Dataset entries:
= = = = =

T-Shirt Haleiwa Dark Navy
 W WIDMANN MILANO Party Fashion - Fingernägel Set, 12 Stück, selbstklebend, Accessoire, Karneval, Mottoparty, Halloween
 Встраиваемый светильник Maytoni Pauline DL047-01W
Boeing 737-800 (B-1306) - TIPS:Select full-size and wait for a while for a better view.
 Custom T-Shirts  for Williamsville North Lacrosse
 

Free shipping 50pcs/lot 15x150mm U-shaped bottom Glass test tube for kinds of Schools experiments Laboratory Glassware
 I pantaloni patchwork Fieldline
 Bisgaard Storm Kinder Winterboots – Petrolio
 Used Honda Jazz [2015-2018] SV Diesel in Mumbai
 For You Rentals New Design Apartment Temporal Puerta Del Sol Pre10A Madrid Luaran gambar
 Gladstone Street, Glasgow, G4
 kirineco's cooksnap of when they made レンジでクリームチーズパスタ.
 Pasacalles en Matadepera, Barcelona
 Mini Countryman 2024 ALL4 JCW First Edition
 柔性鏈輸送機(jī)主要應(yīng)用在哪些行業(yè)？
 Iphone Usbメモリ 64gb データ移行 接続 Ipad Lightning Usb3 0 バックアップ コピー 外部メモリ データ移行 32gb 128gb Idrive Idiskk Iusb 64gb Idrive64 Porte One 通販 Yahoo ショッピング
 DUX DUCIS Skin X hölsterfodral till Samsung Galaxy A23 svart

= = = = =

Print the lines above from the one with "Boeing 737-800 (B-1306)" through the one with "I pantaloni patchwork Fieldline", both included, exactly as written and nothing more.

ANSWER BOX.
Boeing 737-800 (B-1306) - TIPS:Select full-size and wait for a while for a better view.
 Custom T-Shirts  for Williamsville North Lacrosse
 

Free shipping 50pcs/lot 15x150mm U-shaped bottom Glass test tube for kinds of Schools experiments Laboratory Glassware
 I pantaloni patchwork Fieldline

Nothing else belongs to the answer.